We went far past the kennel, three miles from our homes. We walked right out of Severna Forest, past the squat, crumbling brick pillars that marked the entrance to the forest road. We walked past the small black community, right at the edge of the gates, where families lived whose mothers worked as maids in our houses. Molly led me into the fields of a farm whose acreage ran along General’s Highway.

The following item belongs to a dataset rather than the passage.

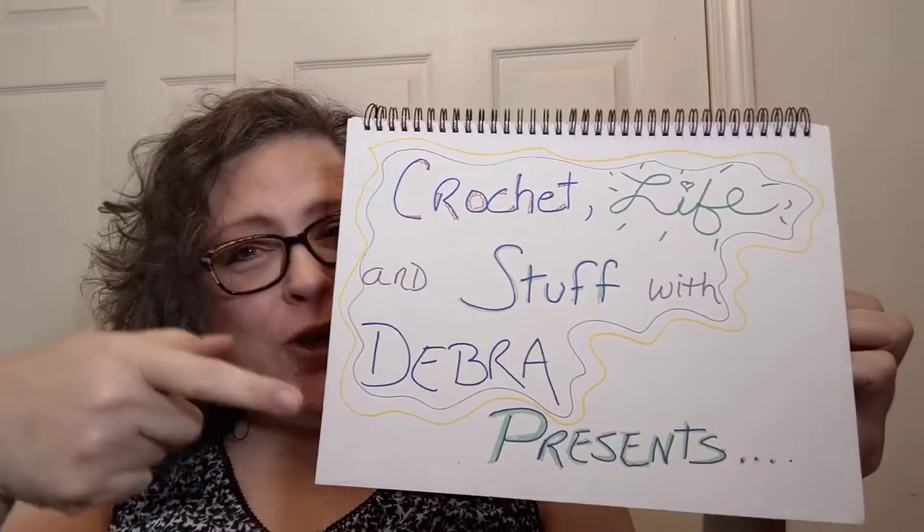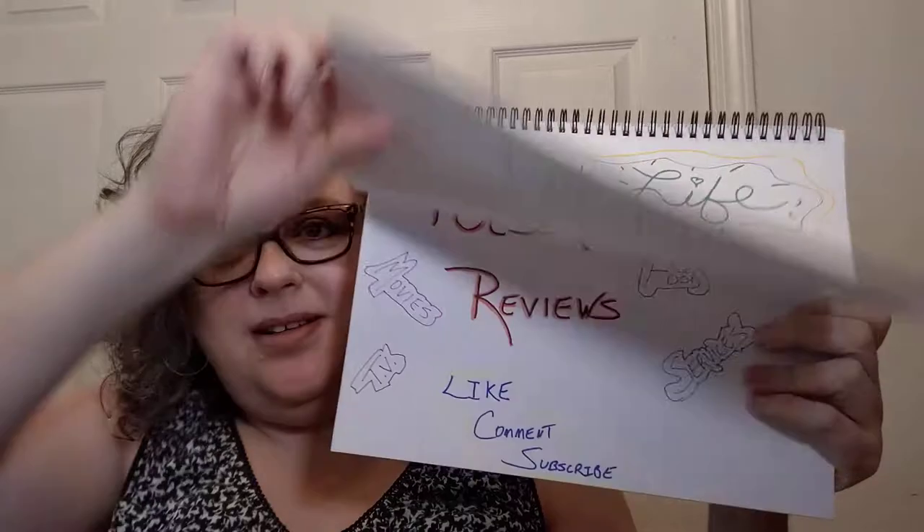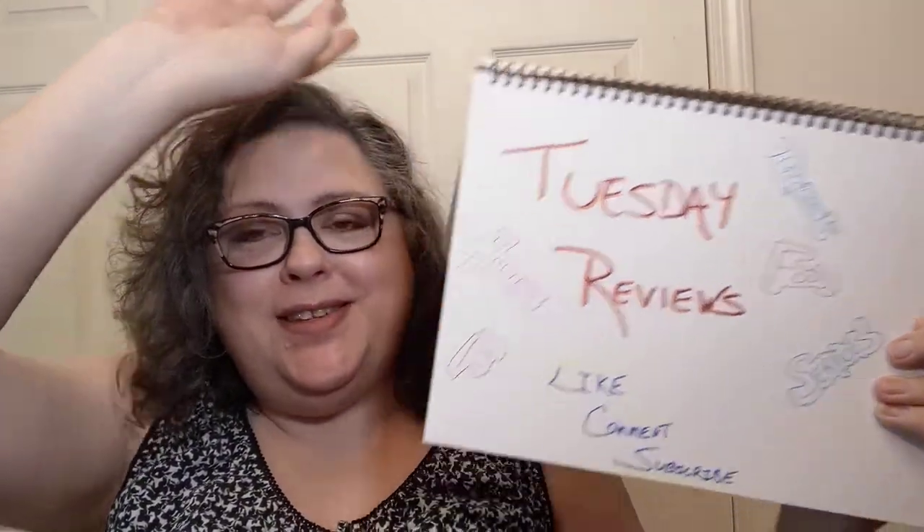Hello everyone! Welcome in to Crochet Life & Stuff with Debra presents Tuesday Reviews. At least it's for a Tuesday — you may not be watching on a Tuesday, but that's okay.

“I want a horse,” she said, standing still and eyeing the vast expanse of grass before us. In the distance I could see a house and a barn. I had seen the house countless times from my parents’ car, when my mother was driving and I had to sit right-side up. I had always imagined it to be inhabited by bonneted women and bare-lipped, bearded men, like the ones in the coffee-table book on the Amish that sat in our living room and was never looked at by anyone but me. Molly started toward the barn. I followed her, looking at the dark house and wondering if some restless person was looking out the bedroom window, watching us coming.
No one challenged us, not even a dog or a cat. I wondered what she would do if a snarling dog came out of the darkness to get us. I did not think she would stab it. I had a theory, entirely unsubstantiated, that she was moving up the class chain, onward from birds to squirrels to cats to dogs and beyond, her destination the fat red heart of a human being, and I knew that once she had finished with an animal class she would not return to it. She was storing the life force of everything she stabbed in the great blue stone in her dagger’s hilt, and when she had accumulated enough of it, the stone would glow like the Earth glowed in the space pictures that hung on the wall in our third-grade homeroom, above the motto nothing is impossible. When the stone glowed like that, I knew, her parents would step from it and be with her again.
If the horse had a name, I never knew it. In the dim light of the stable I might have missed it, carved on the stall somewhere. The horse was a tall Appaloosa. Molly had brought sugar and apples. She fed it and whispered to it. It was the only horse there. The other stalls were empty but looked lived-in. Molly was saying to the horse, “It’s OK. It’s all right. There’s nothing to be afraid of.” She smiled at it a truly sweet smile, and it looked at her with its enormous brown eyes, and I could see that it trusted her absolutely, the way unicorns in stories instinctively trust princesses. In her right hand she held the knife, and her left was on the horse’s muzzle. “Touch it,” she said to me.